さて、論文の解説などはどうしても専門用語が多くなってしまいますが、同じ分野を学ぶ学生さんが勉強になるレベルを想定して書いています。それ以外のことはもっとわかりやすく書くよう努力したいと思っています。
で、タイトルの「猫の目」は生物の話じゃなくて、人の意見は変わるもの、ということ。
「首尾一貫したコメントはできないかもしれないけど許してね」、ということです。
あまりにも意見がコロコロ変わって焦点が定まらないのは論外ですが、自分の間違いに気づいたときは、昔の意見に固執してはいけないというのが僕のポリシーです。なにも研究に限ったことではないですが、客観的な判断力が必要な分野では特に重要です。
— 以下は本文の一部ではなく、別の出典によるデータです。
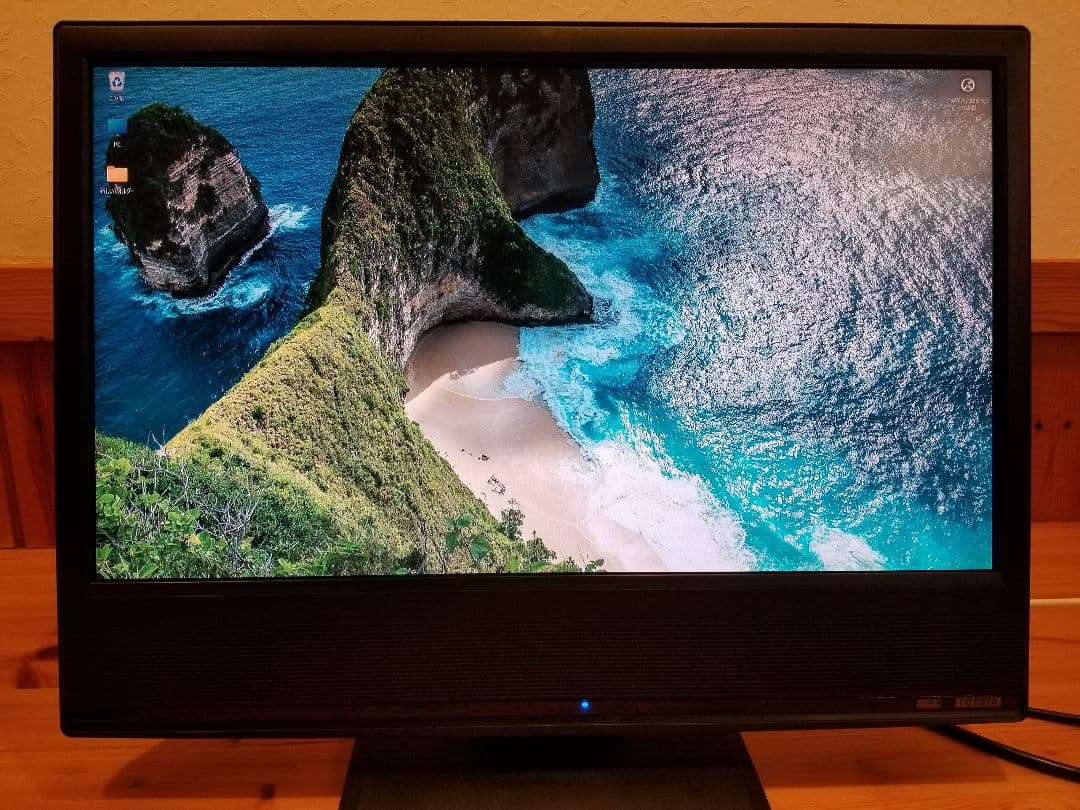 フルHDの液晶TV ディスプレイ 地デジ付き高精細 机上で活躍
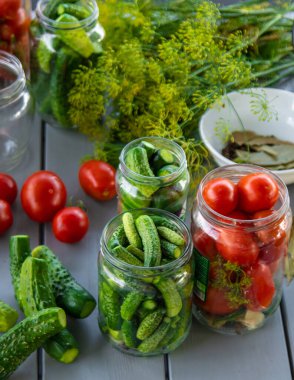 Kavanozda domatesleri muhafaza etmek. Seçici odaklanma. Yiyecek..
僕のアメリカでの恩師は典型的な朝令暮改タイプでした。アイデアがどんどん出てくる。前の日に用意しろと言われたデータを持っていくと、次の日には解釈が違います。前の日に彼が言ったことを繰り返すと、それが如何に間違っていたかを熱っぽく語ってくれます。まるで自分が怒られているかのよう。そして一度方針が決定すると、あとは一気に仕事を進めていきます。
企業などでは嫌われるタイプの上司かもしれませんが、研究の分野では彼のような人物が必要とされますし、まさに尊敬すべき先生です。
隣の部屋のポスドクは、「彼の頭の中はスパゲッティだ」、と言っていましたが、そのおかげでとてもエキサイティングな研究生活を過ごせました。自分には無いエネルギーなので、なんとかその秘密を盗んでやろうと思いましたが、願いは叶わず。
突拍子も無いアイデアでも、よく練ってみればそのうち幾つかは大きな花火になるかもしれません。お馬鹿なアイデアを気軽に出せる環境は、叩かれまいとする意識が強い日本にはあんまりないような気がしますね。
馬鹿になれ。
猪木さんが言うとあまり説得力がありませんが(笑)、ノーベル賞取った人が言うと説得力があるような気がします。